Recent large-scale IoT-driven cyberattacks may only be the beginning if the security in consumer IoT devices remains unchanged.
As the number of connected devices increases, so does the security risk if the market doesn’t address IoT cybersecurity, according to a new report by Juniper Research.
The report references cyberattacks from the Fall, which leveraged compromised IoT devices to create so-called "botnets" to attack servers, saying that the current security vulnerabilities of IoT devices may lead to more complex attacks in the future.
“Attacks such as those on Dyn last October can be viewed as proof of concepts,” said Steffen Sorrell, author of the report.
“In the medium-term, botnets will be used far more creatively, not only to disrupt services, but also to create a distraction enabling multi-pronged attacks aimed at data theft or physical asset disruption,” Sorrell said.
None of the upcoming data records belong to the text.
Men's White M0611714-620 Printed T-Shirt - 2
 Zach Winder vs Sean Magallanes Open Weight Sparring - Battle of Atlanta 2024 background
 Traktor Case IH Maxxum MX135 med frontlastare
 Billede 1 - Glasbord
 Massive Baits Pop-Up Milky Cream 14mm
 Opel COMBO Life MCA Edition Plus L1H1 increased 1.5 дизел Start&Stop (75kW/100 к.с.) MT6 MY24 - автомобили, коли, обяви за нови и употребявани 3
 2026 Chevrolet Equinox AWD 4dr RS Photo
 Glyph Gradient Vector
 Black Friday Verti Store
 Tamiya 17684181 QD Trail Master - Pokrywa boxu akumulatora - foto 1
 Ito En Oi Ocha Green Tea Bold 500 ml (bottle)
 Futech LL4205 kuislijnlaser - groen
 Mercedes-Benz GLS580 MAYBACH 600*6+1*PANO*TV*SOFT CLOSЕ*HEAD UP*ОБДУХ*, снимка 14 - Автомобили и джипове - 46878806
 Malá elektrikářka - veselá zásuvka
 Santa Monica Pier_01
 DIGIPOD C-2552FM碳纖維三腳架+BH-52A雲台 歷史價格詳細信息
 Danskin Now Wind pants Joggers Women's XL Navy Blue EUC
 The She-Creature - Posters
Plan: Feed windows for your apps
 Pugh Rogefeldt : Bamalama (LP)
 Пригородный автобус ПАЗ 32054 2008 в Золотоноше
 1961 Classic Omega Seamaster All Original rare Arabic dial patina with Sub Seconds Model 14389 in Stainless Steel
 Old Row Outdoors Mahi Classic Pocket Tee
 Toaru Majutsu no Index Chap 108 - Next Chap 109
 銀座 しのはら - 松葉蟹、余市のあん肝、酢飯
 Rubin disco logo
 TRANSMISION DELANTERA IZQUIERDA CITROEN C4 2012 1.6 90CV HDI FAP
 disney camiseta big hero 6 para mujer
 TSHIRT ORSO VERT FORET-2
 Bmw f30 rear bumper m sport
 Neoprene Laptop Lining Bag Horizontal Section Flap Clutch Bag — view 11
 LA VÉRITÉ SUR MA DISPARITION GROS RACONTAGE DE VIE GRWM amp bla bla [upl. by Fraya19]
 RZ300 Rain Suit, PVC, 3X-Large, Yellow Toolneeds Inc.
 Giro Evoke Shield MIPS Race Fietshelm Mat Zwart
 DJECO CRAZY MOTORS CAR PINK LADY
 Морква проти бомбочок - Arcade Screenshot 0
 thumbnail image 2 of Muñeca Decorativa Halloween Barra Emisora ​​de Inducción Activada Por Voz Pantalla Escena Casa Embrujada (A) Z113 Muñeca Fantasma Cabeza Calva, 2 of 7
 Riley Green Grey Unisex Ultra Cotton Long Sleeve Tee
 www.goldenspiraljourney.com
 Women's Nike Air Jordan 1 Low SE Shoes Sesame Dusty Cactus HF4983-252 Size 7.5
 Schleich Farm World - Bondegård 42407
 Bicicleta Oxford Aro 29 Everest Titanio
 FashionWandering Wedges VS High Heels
The brands making IoT devices should begin to design security directly into the devices, according to Juniper.
This recommendation also appears in other sets of guidelines for IoT security developed by government agencies, one of which plans to go further if the market fails to take action.
The FCC is monitoring the security risks within the Internet of Things and plans to step in with regulation if it determines the market won’t adequately address the risks naturally, as the IoT Daily recently reported (Now FCC Stepping In On IoT Regulations).
This could be done through updating the FCC’s equipment certification process or creating a task force, potentially leading to new laws, according to the FCC.
By 2021, the installed base of IoT products will grow to 46 billion units, 15 billion of which will be consumer-facing, according to Juniper.